(Image-text web data)
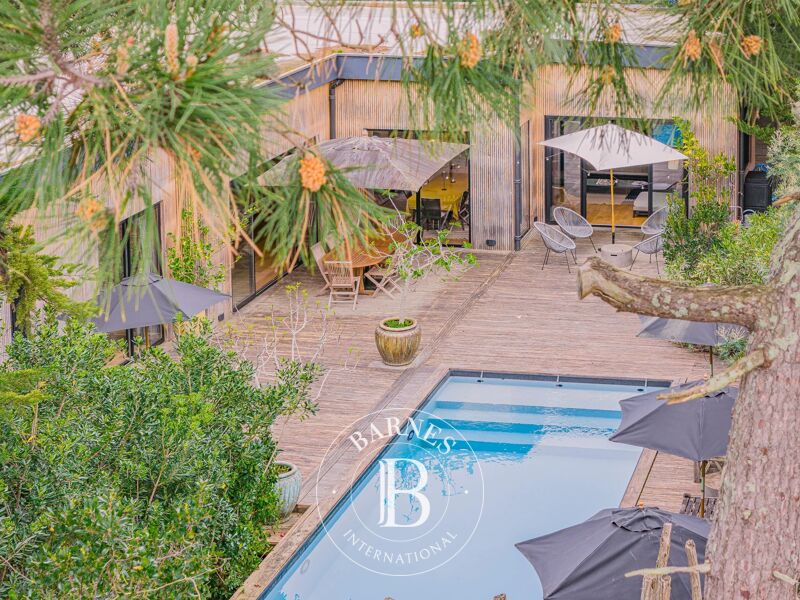 MODERN VILLA WITH POOL AND LARGE GROUNDS IN THE HEART OF CAP FERRET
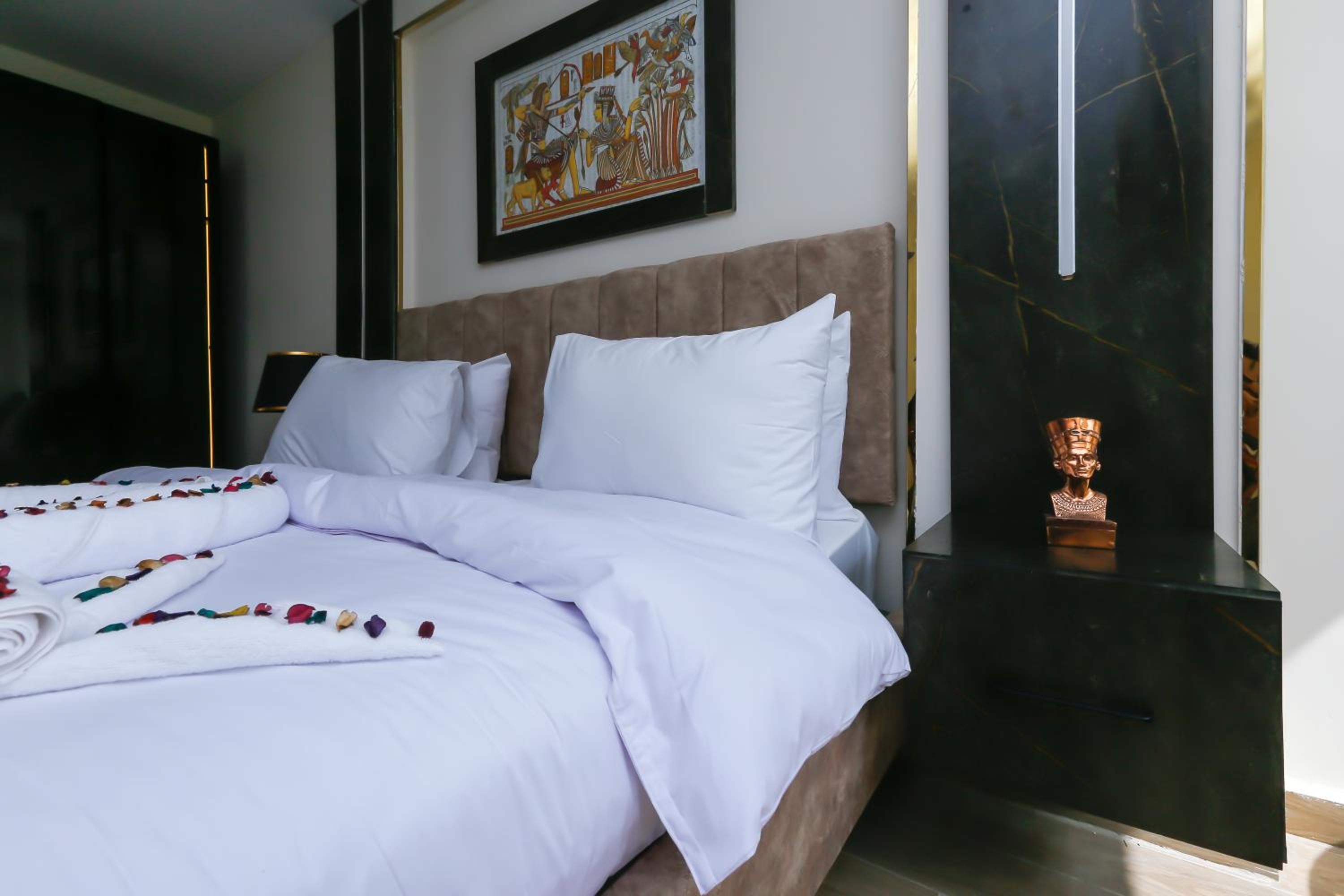 Crowne Pyramids View inn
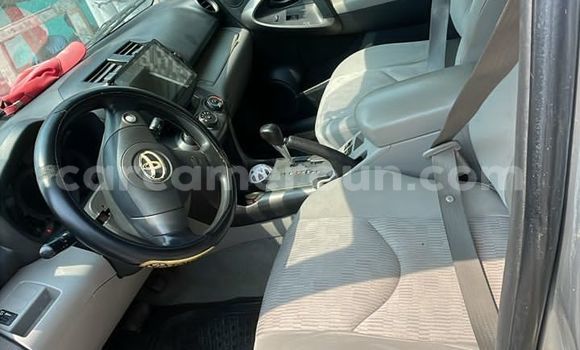 Acheter Occasion Voiture Toyota RAV4 Gris à Douala, Littoral Cameroon Acheter Occasion Voiture Toyota RAV4 Gris à Douala, Littoral Cameroon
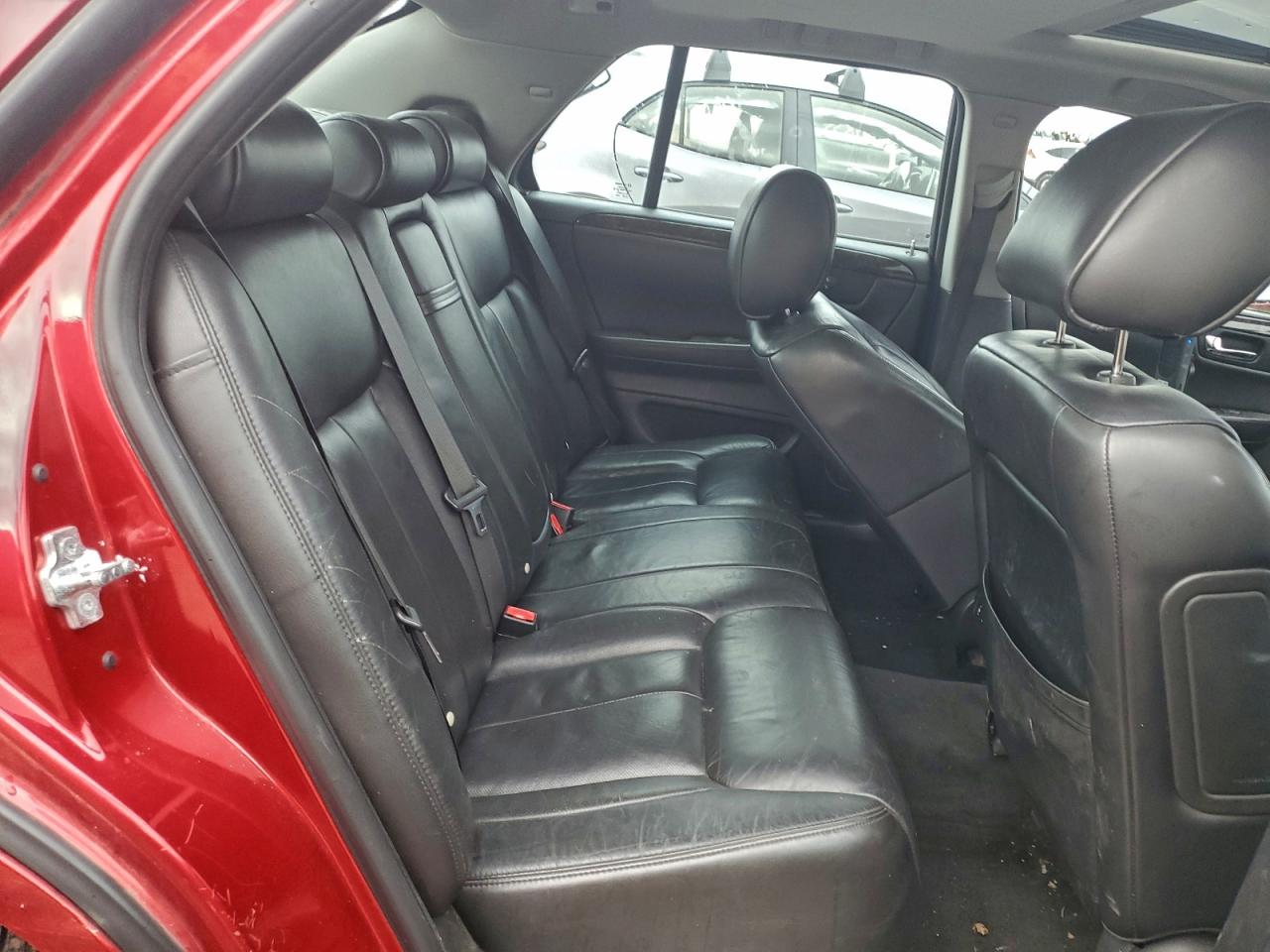 CADILLAC DTS LUXURY COLLECTION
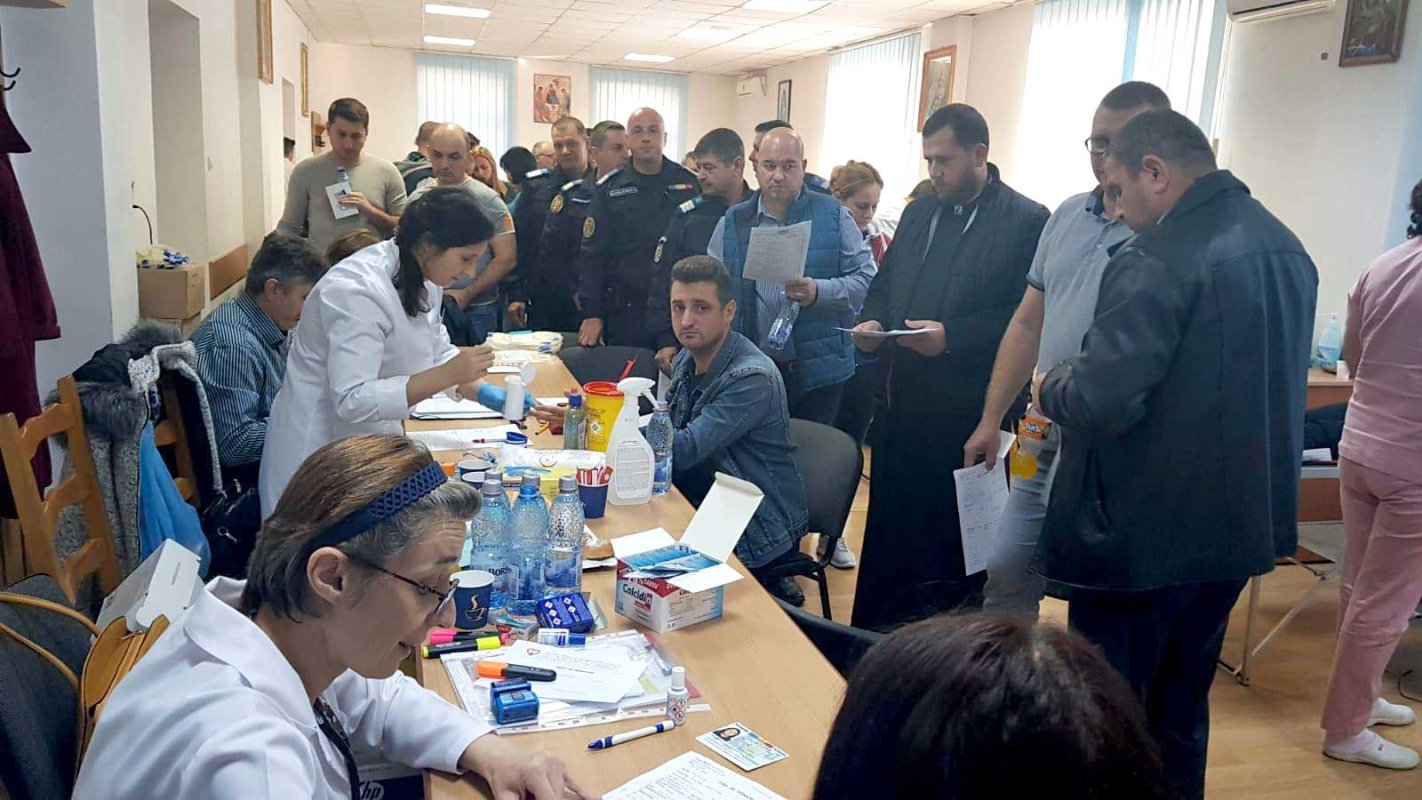 Campanie de donare de sânge la Protopopiatul Huși 131557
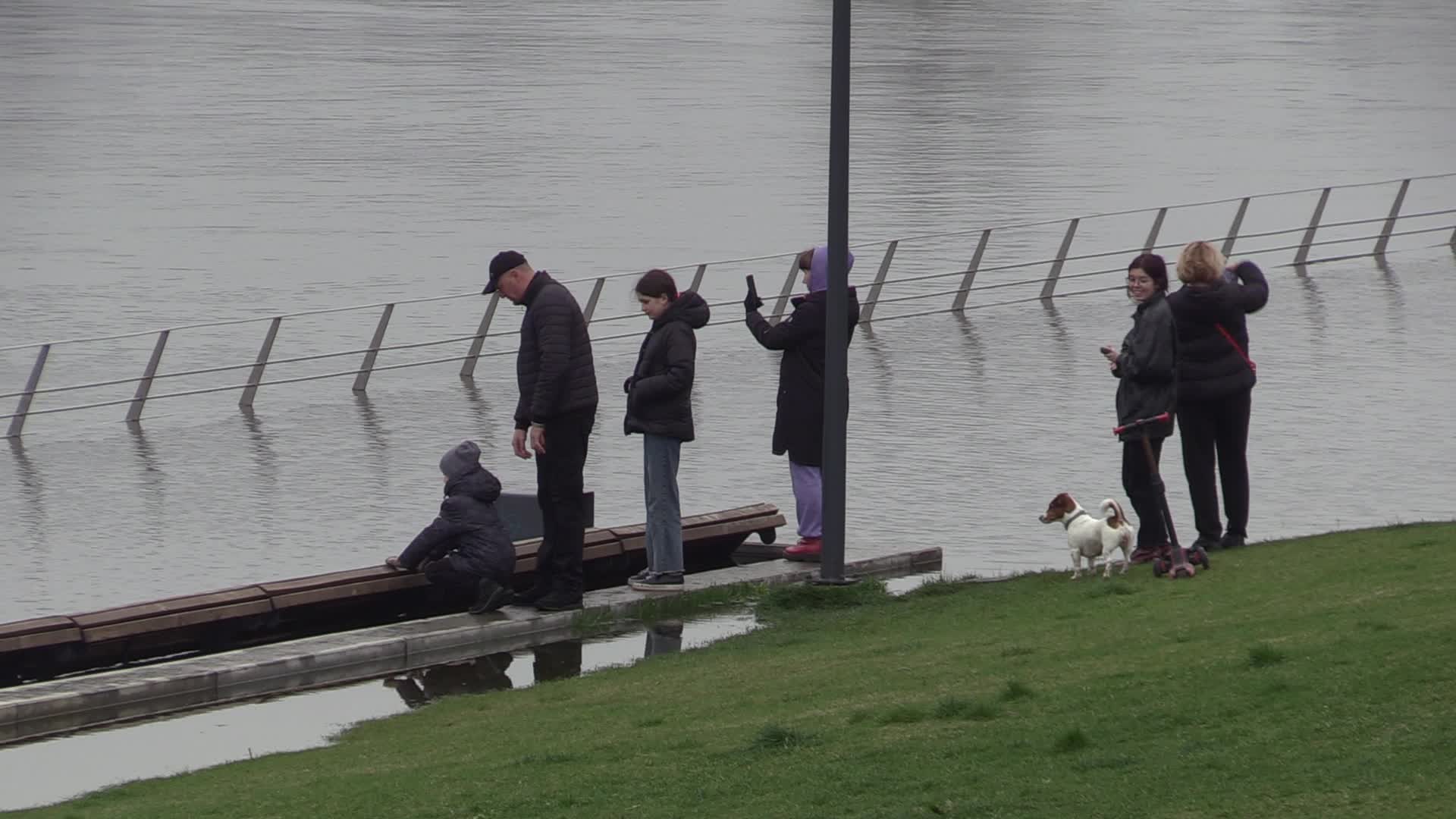 A seasonal rise in the water level in the Dnipro led to flooded embankment in Kyiv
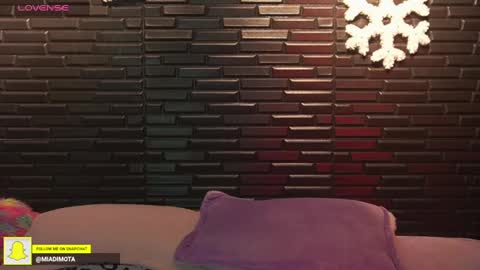 Snapshot of miadimota chatting on December 4, 4:10 am Mia online show from December 4, 4:10 am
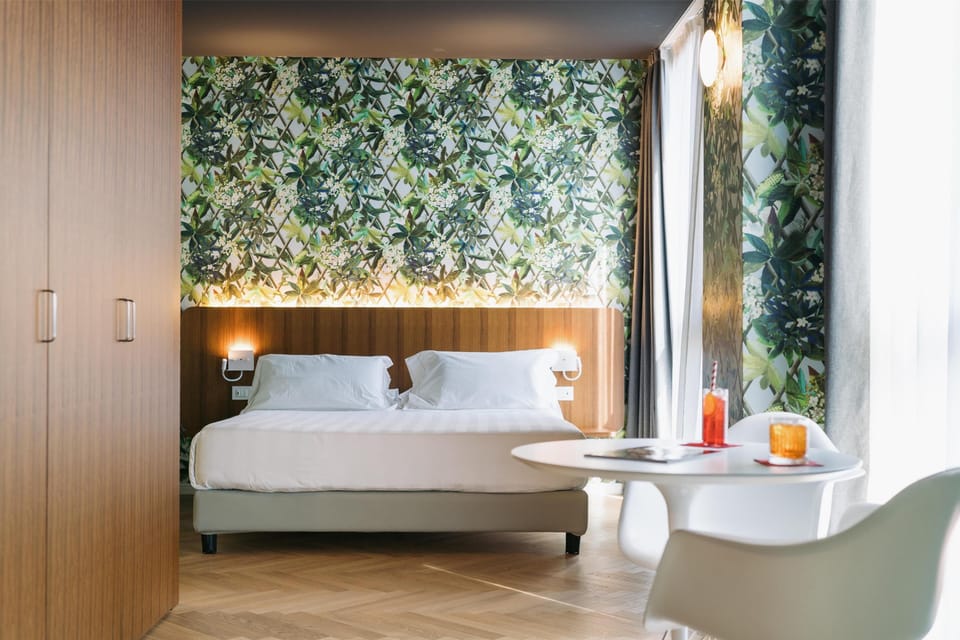 Suite, 1 King Bed, Non Smoking (Living Room) | Down comforters, minibar, in-room safe, individually decorated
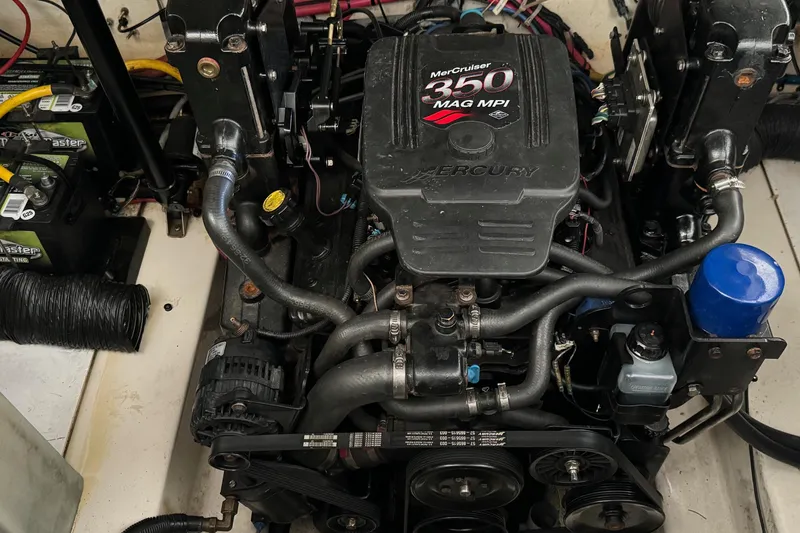 Slide: The Image of MerCruiser 350 MAG MPI engine in a 2007 Sea Ray 260 Sundancer boat. - 28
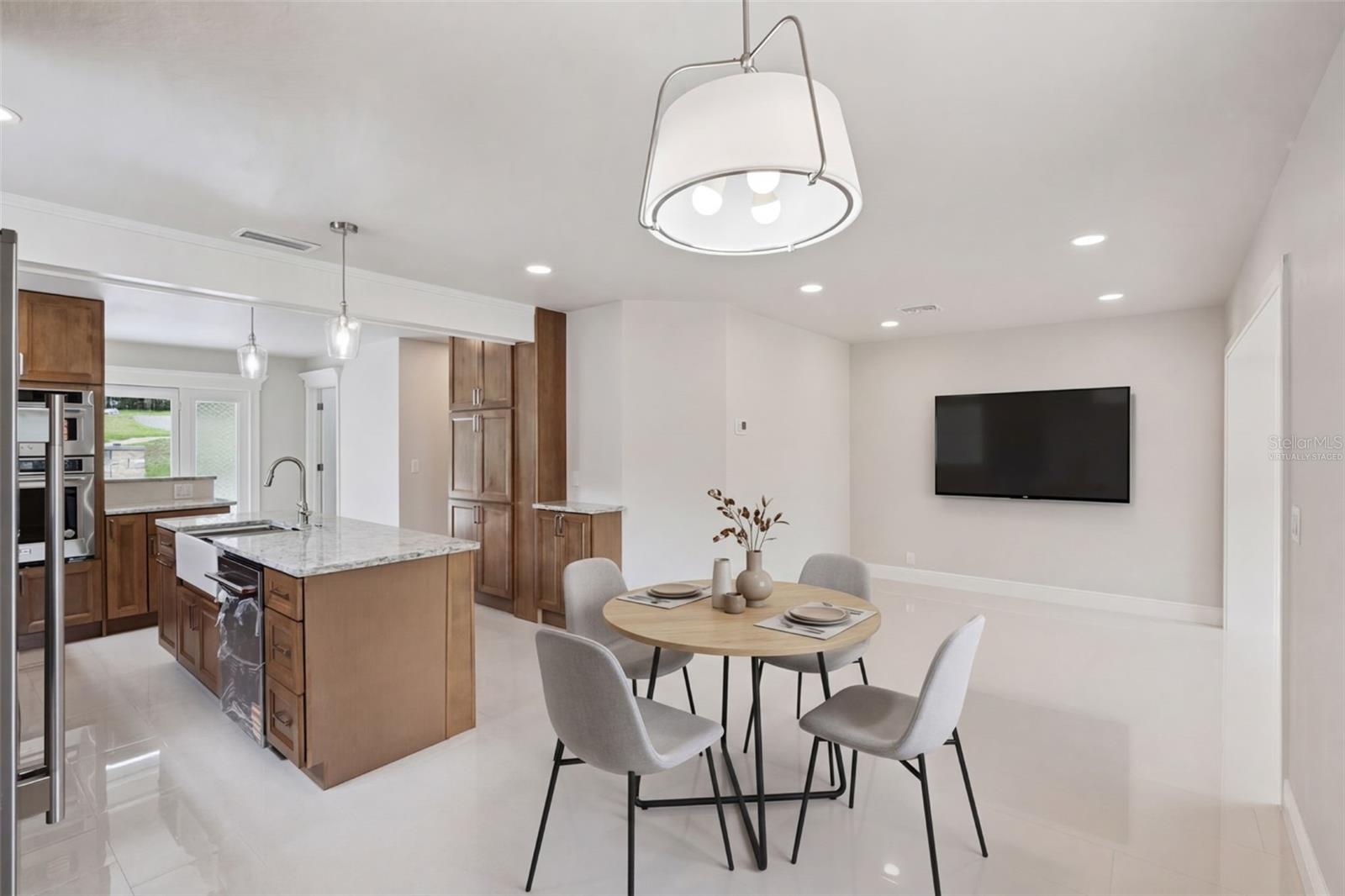 Image 15 of 62 For 2316 Griffin Drive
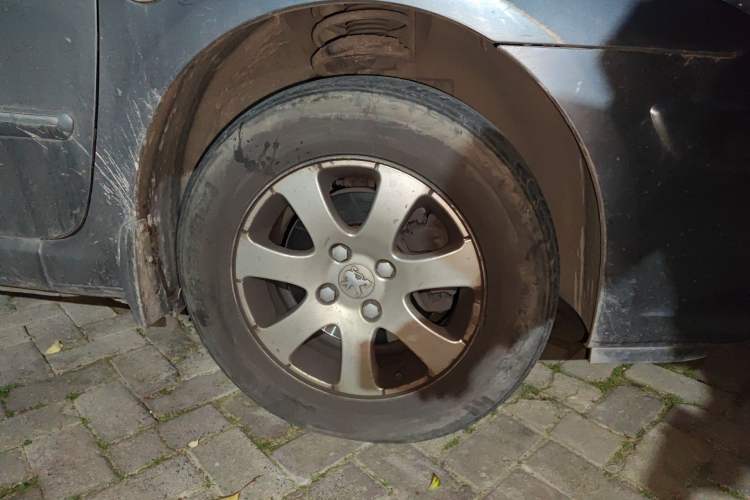 Used Peugeot 307 2010 Hatchback 1.6L Manual Comfort Edition Right Front Wheel Hub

WORK REQUIRED -> Nothing but the lines from the line containing "A seasonal rise" through the end of the data, both ends included, is to be reproduced, exactly as written and without the pictures.

TASK SOLUTION ->
 A seasonal rise in the water level in the Dnipro led to flooded embankment in Kyiv
 Snapshot of miadimota chatting on December 4, 4:10 am Mia online show from December 4, 4:10 am
 Suite, 1 King Bed, Non Smoking (Living Room) | Down comforters, minibar, in-room safe, individually decorated
 Slide: The Image of MerCruiser 350 MAG MPI engine in a 2007 Sea Ray 260 Sundancer boat. - 28
 Image 15 of 62 For 2316 Griffin Drive
 Used Peugeot 307 2010 Hatchback 1.6L Manual Comfort Edition Right Front Wheel Hub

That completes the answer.